W niedzielę głównym tematem programów publicystycznych była rezolucja ws. wyroku polskiego Trybunału Konstytucyjnego, a także konsekwencje ewentualnego wstrzymania Polsce wypłat unijnych środków.
Po szczycie UE w Brukseli przewodnicząca Komisji Europejskiej Ursula von der Leyen wskazała, że system dyscyplinarny dla sędziów w Polsce musi zostać zmieniony, a sędziowie odwołani niezgodnie z prawem muszą zostać przywróceni do pracy.
Zagroziła rządowi uruchomieniem wobec Polski procedury warunkowości oraz "innych instrumentów finansowych" (czytaj kar finansowych).
Europosłanka PiS Anna Zalewska w Radiu Zet oceniła, że w rezolucji pojawiają się sformułowania "absolutnie niemożliwe w demokratycznym świecie". - Zachęcanie do buntu przeciwko rządowi i żądanie niepłacenia pieniędzy dla Polek i Polaków - mówiła.
- Mamy do czynienia z lewicowo-liberalną rodziną, która jest tam totalną większością. To było widać podczas debaty, którą trudno nazwać debatą, dlatego że na merytoryczne, bardzo dobre wystąpienie pana premiera Morawieckiego, mieliśmy absolutnie agresywne, napisane przez polskich eurodeputowanych, bo to było widać w języku, w przykładach, koleżanek i kolegów z Lewicy i z EPP - podkreślała Zalewska.
Z kolei wiceszef MON i senator PiS Wojciech Skurkiewicz podkreślał w Polsat News, że środki unijne się Polsce należą i będą przekazane.
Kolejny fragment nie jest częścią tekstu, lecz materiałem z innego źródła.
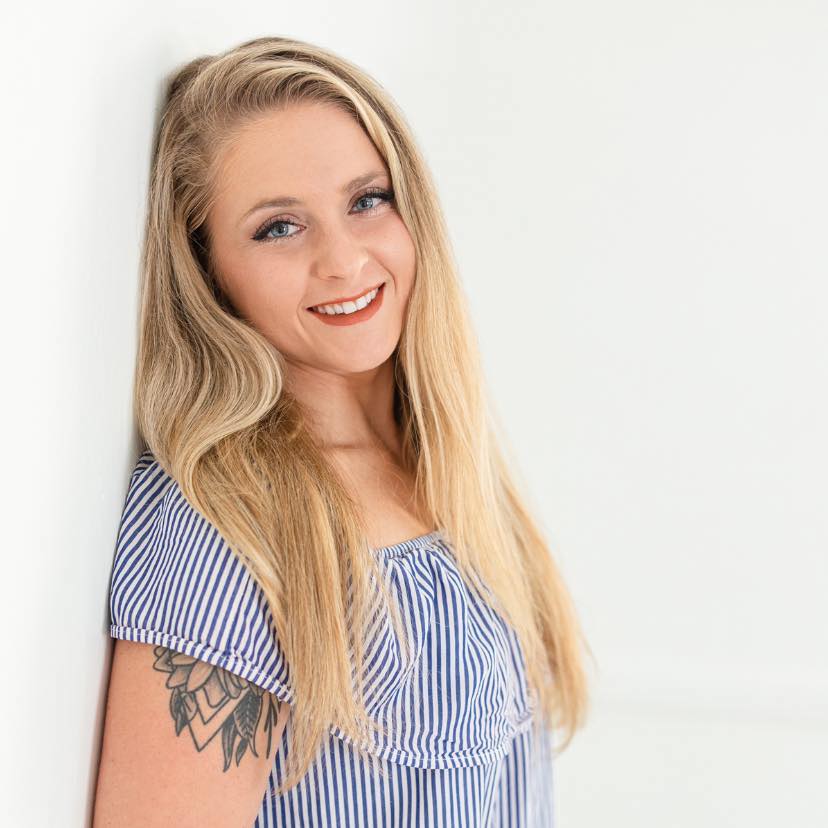 Jessica Dumais headshot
Pytany, z czego ustąpi Polska w sporze z Brukselą, wskazał na likwidację Izby Dyscyplinarnej.
Również prezydencki doradca Piotr Sałek w TVN24 podkreślił, że "obszar sądownictwa jest obszarem pozatraktatowym". Przypomniał, że w drodze referendum przekazaliśmy Unii Europejskiej kompetencje w sprawach cła. Natomiast obronność, sądownictwo, służba zdrowia - to są kompetencje pozaunijne.
Sałek podkreślił także, że polski Krajowy Plan Odbudowy powinien być zatwierdzony do początku sierpnia, a to się nie stało.
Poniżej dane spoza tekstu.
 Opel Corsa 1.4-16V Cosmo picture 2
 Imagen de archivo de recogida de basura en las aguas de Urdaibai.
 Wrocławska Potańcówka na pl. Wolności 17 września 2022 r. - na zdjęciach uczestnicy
Z kolei wicemarszałek Sejmu Piotr Zgorzelski z PSL ocenił, że dużo bardziej sprawiedliwie byłoby, gdyby środki z Unii trafiły bezpośrednio do samorządów województw. - Tam są urzędnicy, specjaliści, którzy potrafią zagospodarować każde euro - mówił w Polsat News.
- Oczywiście środki wpłyną. Nie jest ani zasługa Donalda Tuska, ani zasługa premiera Morawieckiego, tylko jest to zasługa roztropnej polityki UE, która w okresie popandemicznym potrafiła podjąć wysiłek kolejny i zorganizować te środki - stwierdził polityk ludowców.